> **YOUR OBJECTIVE**: Every line below needs to be transcribed without alteration, and no image may be carried over.

> **MATERIAL FOR THIS TASK**:

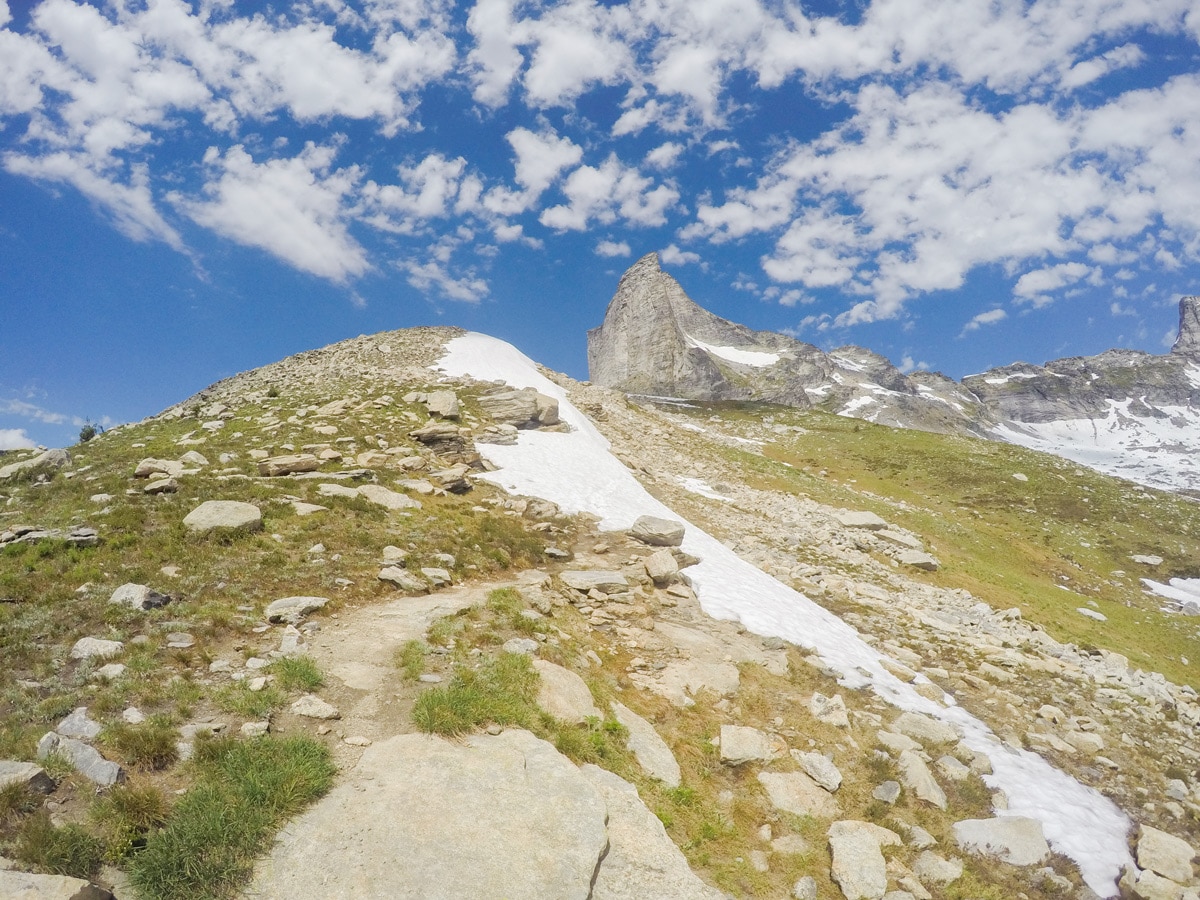 Approaching the peak on Gimli Ridge hike in West Kootenays, the Canadian Rockies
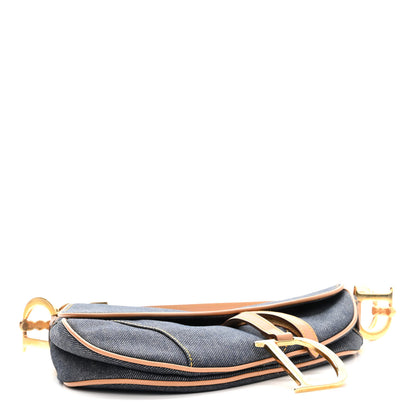 Christian Dior Denim Calfskin Saddle Bag Blue 4 of 10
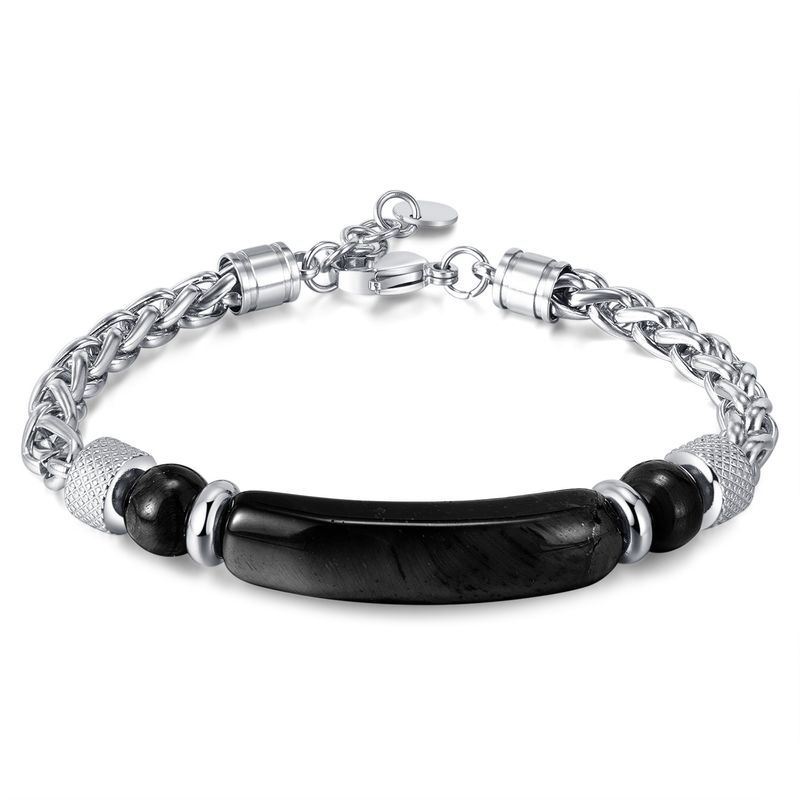 Bracciale da uomo in acciaio al titanio con pietra occhio di tigre e catena in acciaio inossidabile con gioielli OPK_voghion.com
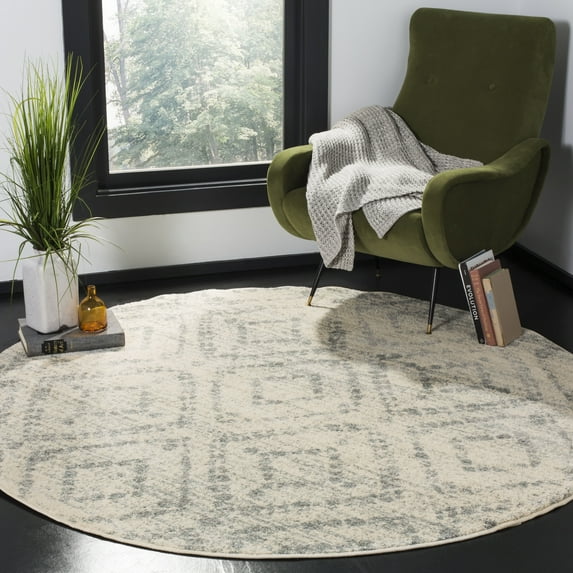 Safavieh Adirondack Lecia Geometric Area Rug, Ivory/Light Blue, 12' x 12' Round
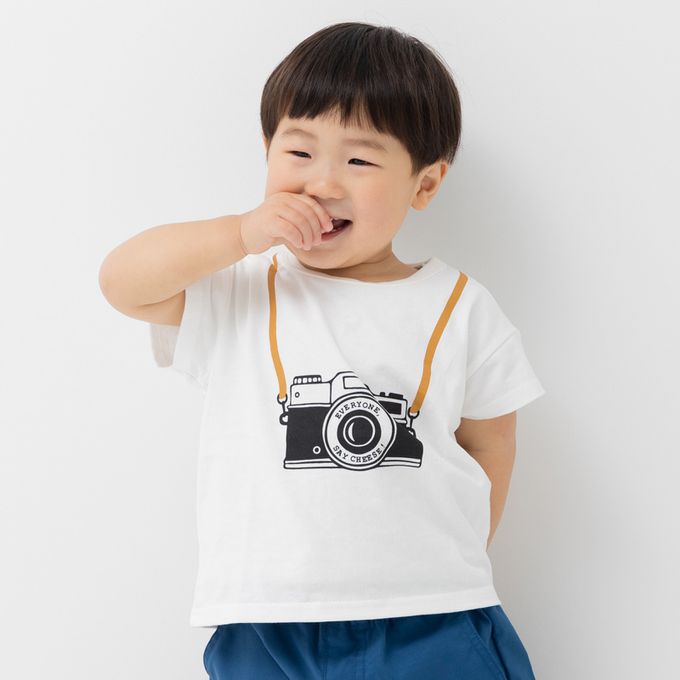 日本 Chil2 - 100%棉 定番印花短袖上衣-工程車-濃綠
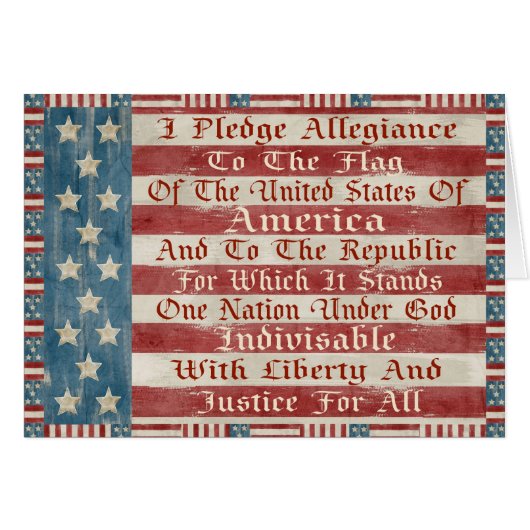 Vintage Pledge Of Allegiance Cards (Front Horizontal)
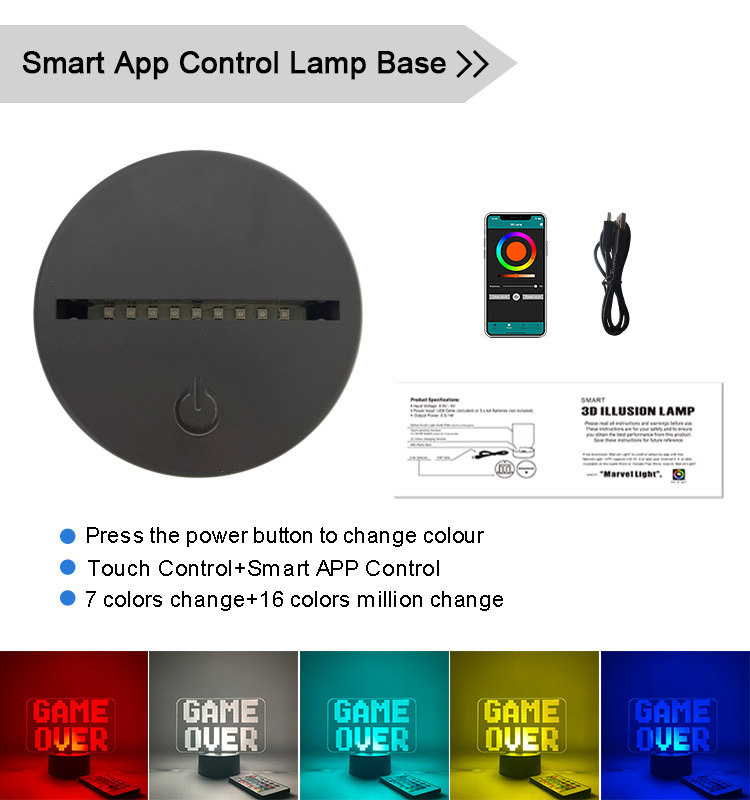 Base de lampe noire (16 millions de couleurs)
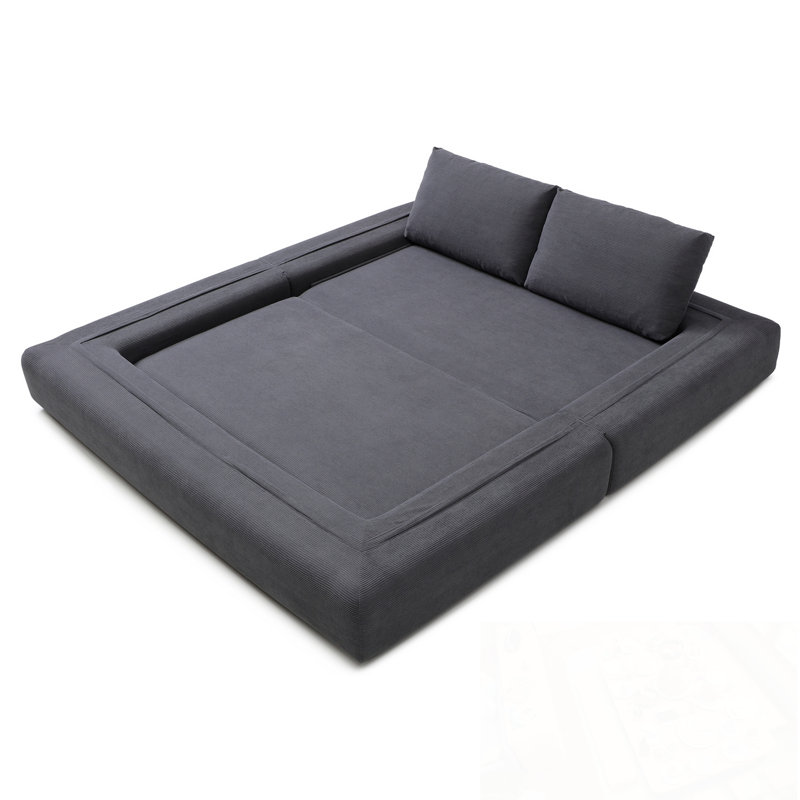 Canapé pliant en velours côtelé avec coussins, Gris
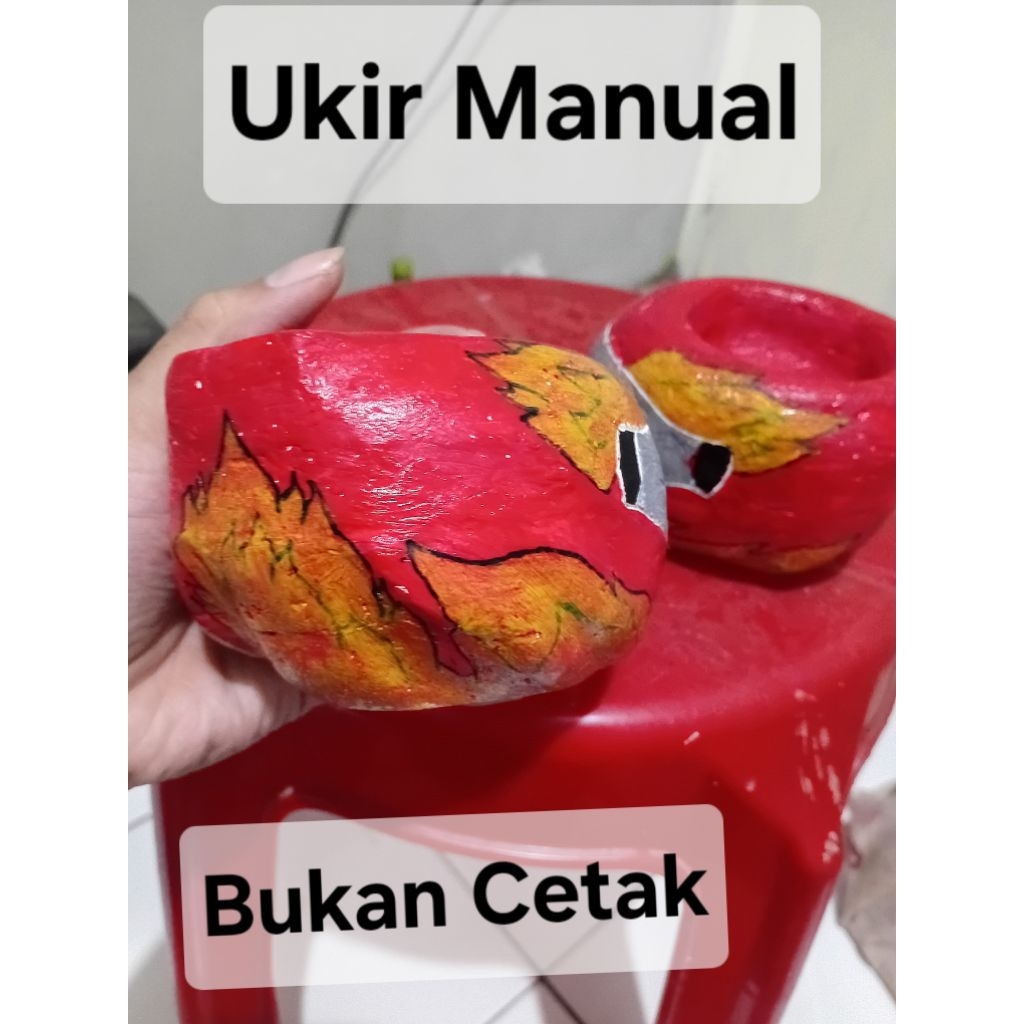 Asbak Helm Miniatur Ukir Manual Bukan Cetak Langsung Jadi Pajangan Rumah Unik Kerajinan Tangan Hand 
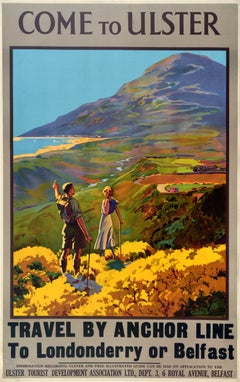 Original Vintage Travel Poster Come to Ulster Travel By Anchor Line Hiking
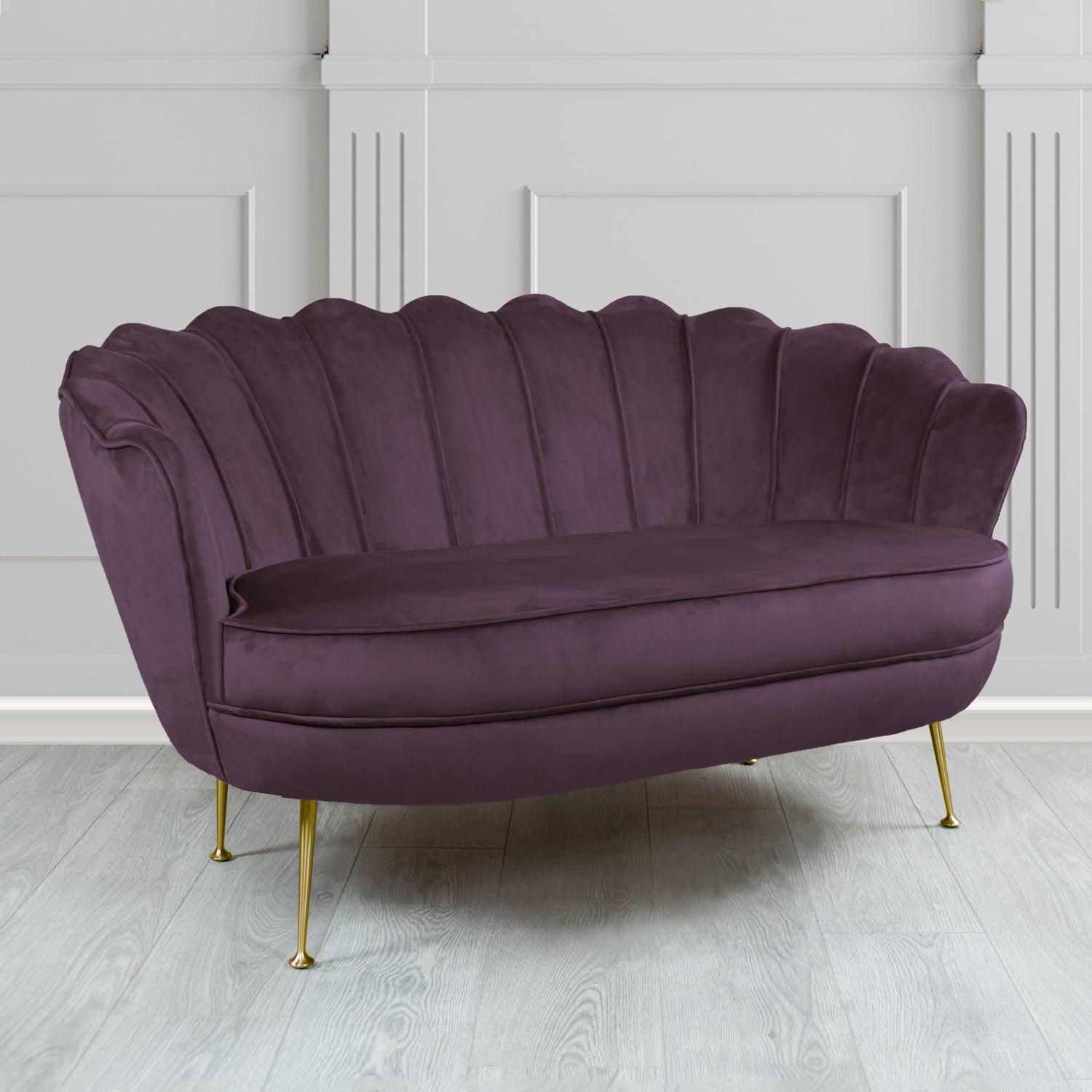 Olivia 2 Seater Shell Sofa in Cristina Marrone Passione Velvet Fabric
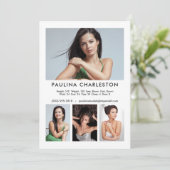 4フォトモデルActor 5x7 Comp/Zedカードテンプレート 招待状 (スタンド正面)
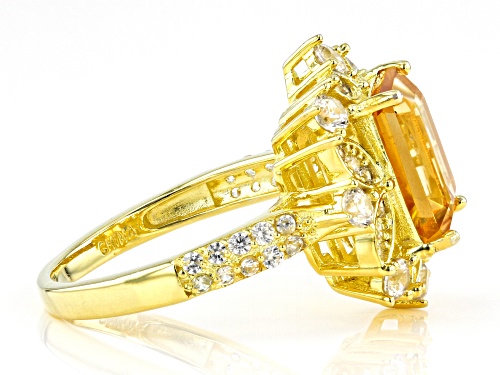 2.70ct Citrine With 1.26ctw White Zircon 18k Yellow Gold Over Sterling Silver Ring - Size 10
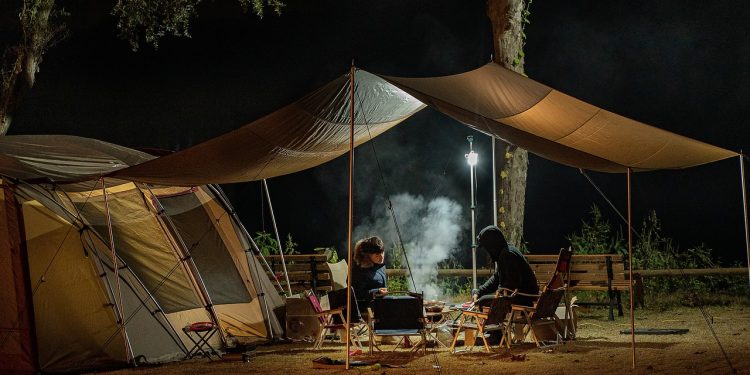 people, camping, tent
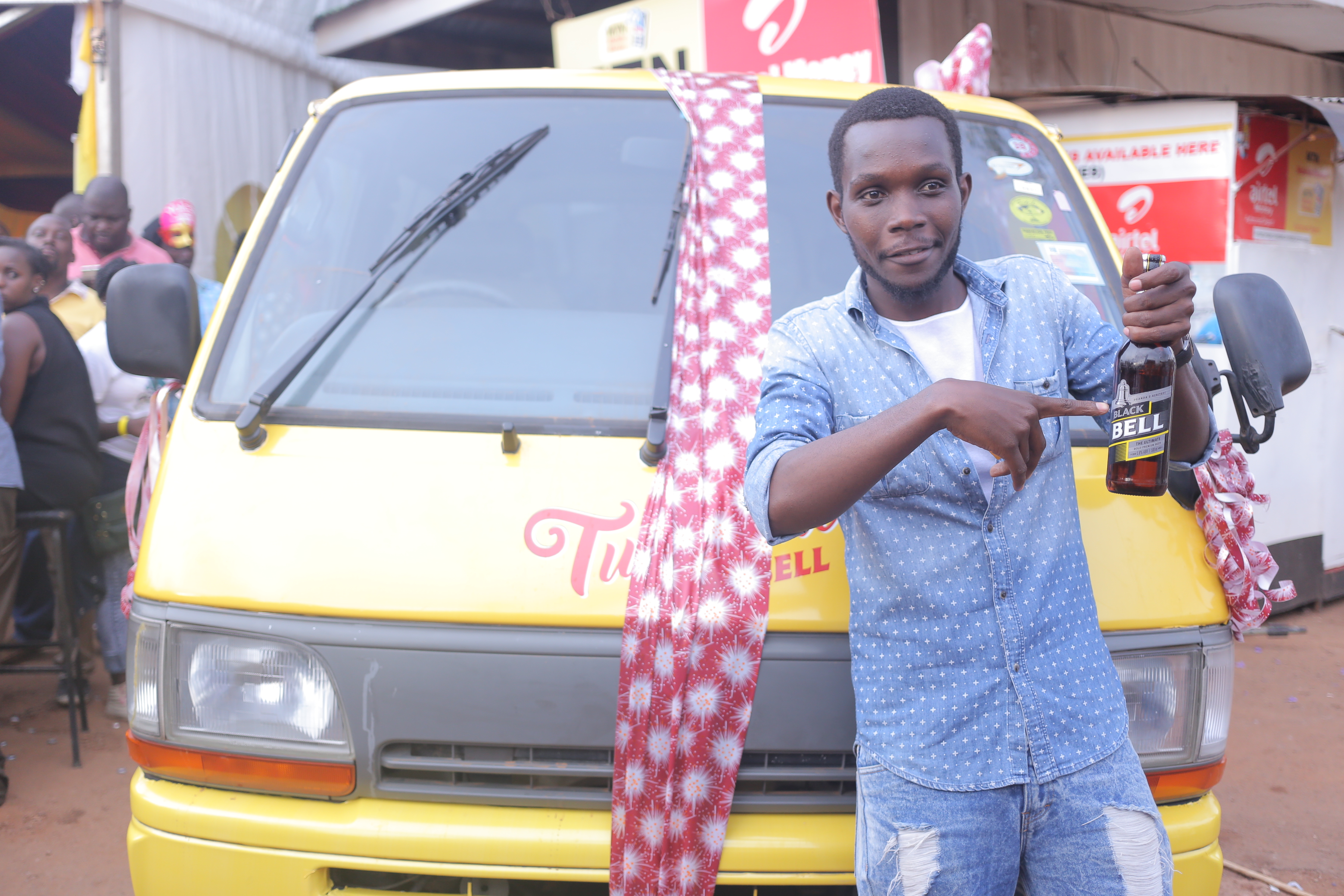 kato ibra showing off his brand new tubbaale van from the promotion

> **TASK RESPONSE**:
 Approaching the peak on Gimli Ridge hike in West Kootenays, the Canadian Rockies
 Christian Dior Denim Calfskin Saddle Bag Blue 4 of 10
 Bracciale da uomo in acciaio al titanio con pietra occhio di tigre e catena in acciaio inossidabile con gioielli OPK_voghion.com
 Safavieh Adirondack Lecia Geometric Area Rug, Ivory/Light Blue, 12' x 12' Round
 日本 Chil2 - 100%棉 定番印花短袖上衣-工程車-濃綠
 Vintage Pledge Of Allegiance Cards (Front Horizontal)
 Base de lampe noire (16 millions de couleurs)
 Canapé pliant en velours côtelé avec coussins, Gris
 Asbak Helm Miniatur Ukir Manual Bukan Cetak Langsung Jadi Pajangan Rumah Unik Kerajinan Tangan Hand 
 Original Vintage Travel Poster Come to Ulster Travel By Anchor Line Hiking
 Olivia 2 Seater Shell Sofa in Cristina Marrone Passione Velvet Fabric
 4フォトモデルActor 5x7 Comp/Zedカードテンプレート 招待状 (スタンド正面)
 2.70ct Citrine With 1.26ctw White Zircon 18k Yellow Gold Over Sterling Silver Ring - Size 10
 people, camping, tent
 kato ibra showing off his brand new tubbaale van from the promotion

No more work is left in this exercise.